Émilie du Châtelet

She translated Newton's Principia, discovered kinetic energy, and debated the finest minds of Europe — at a time when women weren't allowed to enter scientific academies.

Émilie du Châtelet (1706–1749) was a French mathematician and physicist who worked in an era when women were formally excluded from France's scientific institutions. She gained access to scientific debate by disguising herself as a man to enter a café frequented by mathematicians, where she regularly outargued the men inside.

Du Châtelet had a long intellectual and romantic partnership with Voltaire. The two set up a private laboratory together at her château in Cirey, where they conducted experiments and wrote prolifically. Voltaire freely credited her as his intellectual superior in mathematics and physics.

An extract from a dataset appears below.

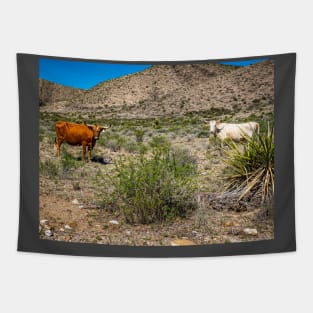 Criollo Cattle on the Open Range Tapestry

Her most lasting scientific contribution was developing the concept of kinetic energy — specifically demonstrating that the energy of a moving object is proportional to the square of its speed (what we now write as ½mv²). This extended and corrected the work of Leibniz and helped lay groundwork for the modern understanding of energy conservation.

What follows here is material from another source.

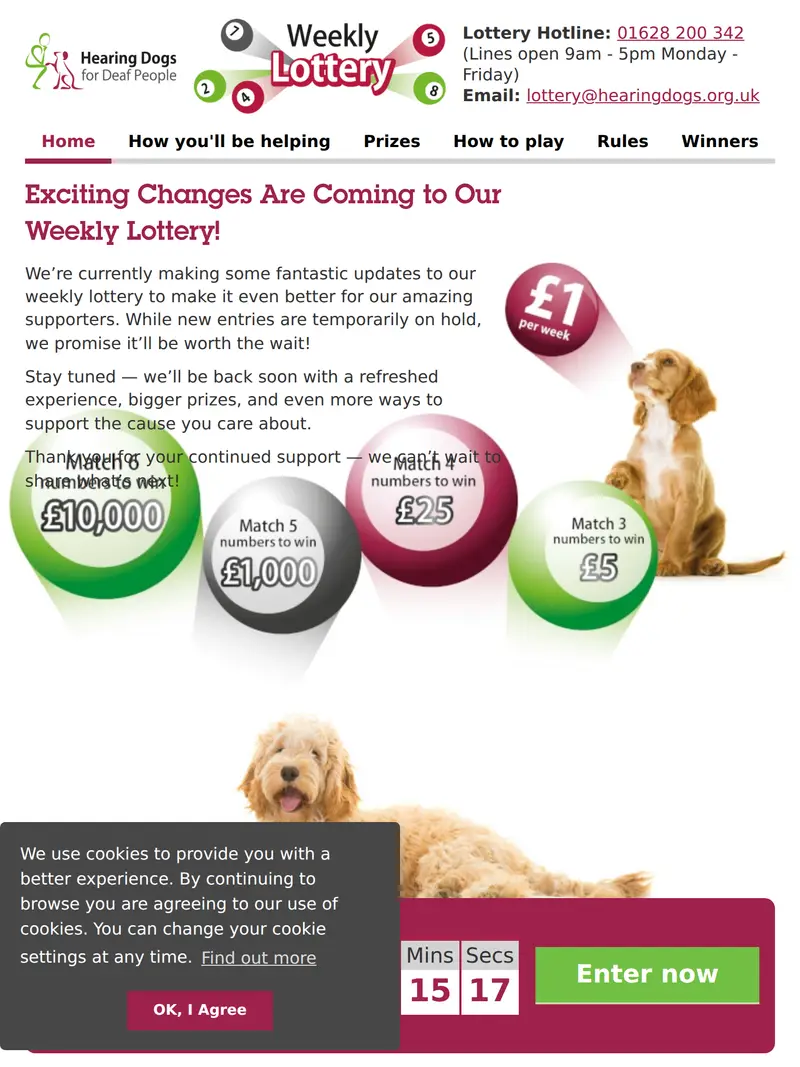 Lottery.hearingdogs - homepage (tablet)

She also submitted an anonymous paper on the nature of fire to the French Royal Academy of Sciences in 1738 — the same competition Voltaire entered. Both lost, but hers was published alongside the winning entries after the judges discovered it was written by a woman. The Academy found it so impressive they felt it had to be preserved.

Du Châtelet spent the final years of her life translating Newton's Principia Mathematica into French — a massive undertaking she knew she was racing against time to finish. She was pregnant late in life and feared she would not survive the birth. She completed the manuscript just days before delivering the child; she died six days after giving birth, at age 42. Her translation remains the standard French edition to this day.